A Server is an OAuth-authenticating reverse proxy.

func (Server) HealthHandler

func (s Server) HealthHandler() http.Handler

HealthHandler checks each upstream and considers them healthy if they return a 200 response. Also, the health check will fail if the TLS certificate will expire within 72 hours.
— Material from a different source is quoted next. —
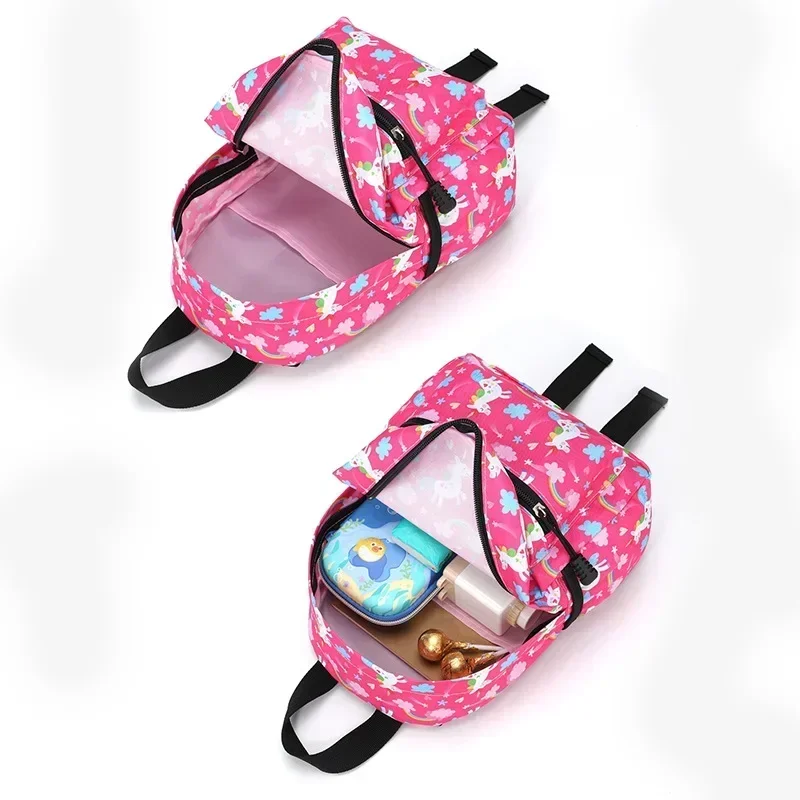Cartoon Kids School Backpack Bag Lightweight Travel Rucksack Boys Girls Schoolbag Primary Student Bookbag Children Daypack Bag 4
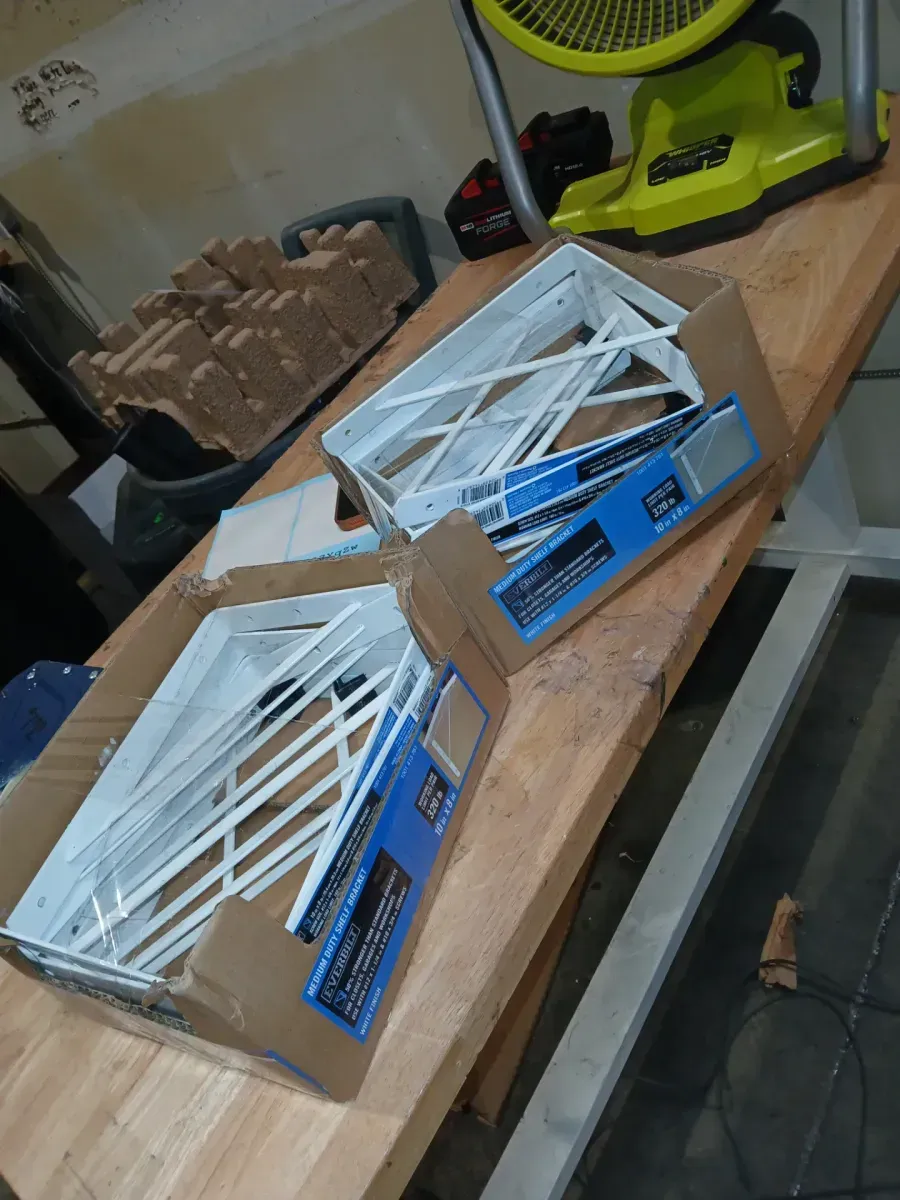 *** pack of 20 ***10 in. x 8 in. White Medium Duty Shelf Bracket - image 4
func (Server) ProxyHandler

func (s Server) ProxyHandler() http.Handler

ProxyHandler selects the appropriate upstream based on subdomain of the incoming request and does the proxying.

func (Server) Run

func (s Server) Run()

Run bootstraps the listeners then waits forever.

type TLSConfig

type TLSConfig struct {
	// CertFile is a path to the PEM-encoded server certificate.
	CertFile string

	// CertKey is a path to the unencrypted PEM-encoded private key for the
	// server certificate.
	CertKey string
}

TLSConfig configures the server certificate.

type UpstreamConfig

type UpstreamConfig struct {
	// The URL of the upstream server.
	URL string

	// Auth is whether requests to this upstream require authentication.
	Auth bool

	// HealthCheck is a URL to use as a health check, if different from
	// Upstreams.URL (for example if UpstreamConfig.URL returns a 302 response).
	// It should return a 200 response if the upstream is healthy.
	HealthCheck string

	// WebSocket is a ws:// or wss:// URL receive proxied WebSocket connections.
	WebSocket string

	// Headers can be used to replace the headers of an incomping request
	// before it is sent upstream.  The values are templates, evaluated with the
	// current session available as `.Session`.
	Headers http.Header
}

UpstreamConfig configures a single upstream endpoint.